De Yaminieten (Yamina) vormden een van de vier grote stammen van de Amorieten rond 2000 v.Chr.

Zij worden ook wel aangeduid met bene-yamina, en dit is soms vertaald in "Benjaminieten". Een vergelijking met de Bijbelse stam van de Benjaminieten ligt dan voor de hand, maar een verband is erg onwaarschijnlijk. Ten eerste klopt nog het tijdsbestek noch de locatie erg, bovendien betekent "Yamina" gewoon "rechts", net als Simˀa, de naam van hun rivalen de Simalieten, gewoon "links" betekent. "Rechts" en "links" worden meestal verder geïnterpreteerd als "zuiderlingen" en "noorderlingen", omdat men de richting van de opgaande zon als hoofdrichting nam.
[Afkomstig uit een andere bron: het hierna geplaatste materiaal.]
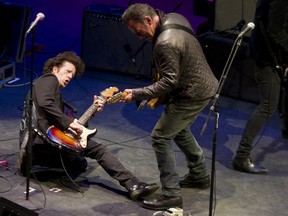 Willie Nile on stage with Bruce Springsteen (photo by Jeff Ross)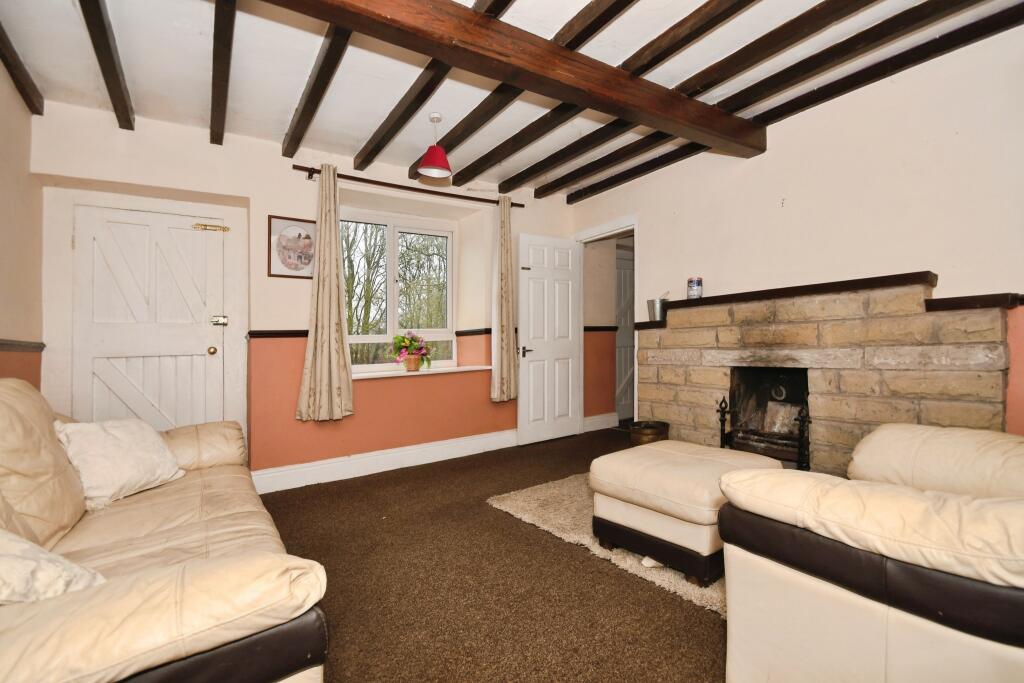 9 bed Detached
De Yamina leefden ten tijde van de bloeitijd van Mari tamelijk verspreid over het Tweestromenland en waren verdeeld over een aantal clans: de Yahrur, de Yarih, de Awnan, de Rabbu en de Mutebal.[1]


De Yahrur of Yahurru verbleven in Mišlan en andere delen van het land rond Mari, maar ook in Serda aan de Balich. In het land rond de Tigris hadden zij te maken met de stad Ekallatum en vielen zij deze stad samen met hun bondgenoten van over de Tigris aan. Ook in Sippir van Šamaš in het zuiden van Mesopotamië was er een Yahurru nederzetting. Daar waren zij verbonden met een andere clan, de Awnan of Amnan. Samen met hen waren zij betrokken bij schermutselingen tussen Uruk en Babylon. De stad Tuttul in het noorden was ook een bastion van de Awnan ten tijde van Yahdun-Lim van Mari. In de streek van Sagguratum leefden zowel Yaminieten van de clan Awnan als van de Yarih en Rabbu. Het hartland van de Rabbu was wat stroomopwaarts van de Awnan, hun koning resideerde in Abattum in de tijd van Yahdun-Lim. Van de Yarih-clan is niet zo veel bekend. De Uprapu hadden hun hoofdstad in Samanum maar ze woonden ook in Raqqum, Rasayu en Ilum-Muluk, alle in de streek rond Terqa. De Mutebal leefden deels in het noorden, maar er was ook een nederzetting in het zuiden van Mesopotamië rond Kasalluk.

Hiermee waren de Yaminieten veel meer verspreid, ook over het zuiden, dan de Simalieten en dat verklaart mogelijk hun naam.

De koningen van Mari, met name Yahdun-Lim en Zimri-Lim, die beweerde zijn zoon te zijn, waren Simalieten die met de Yaminieten veel te stellen hadden. Beide koningen bestreden hen bij een aantal gelegenheden. Zimri-Lim versloeg hen door de muren van Mišlan en Samanum te slechten. De Yahrur verloren zo hun hoofdplaats Mišlan en de Uprapu Samanum.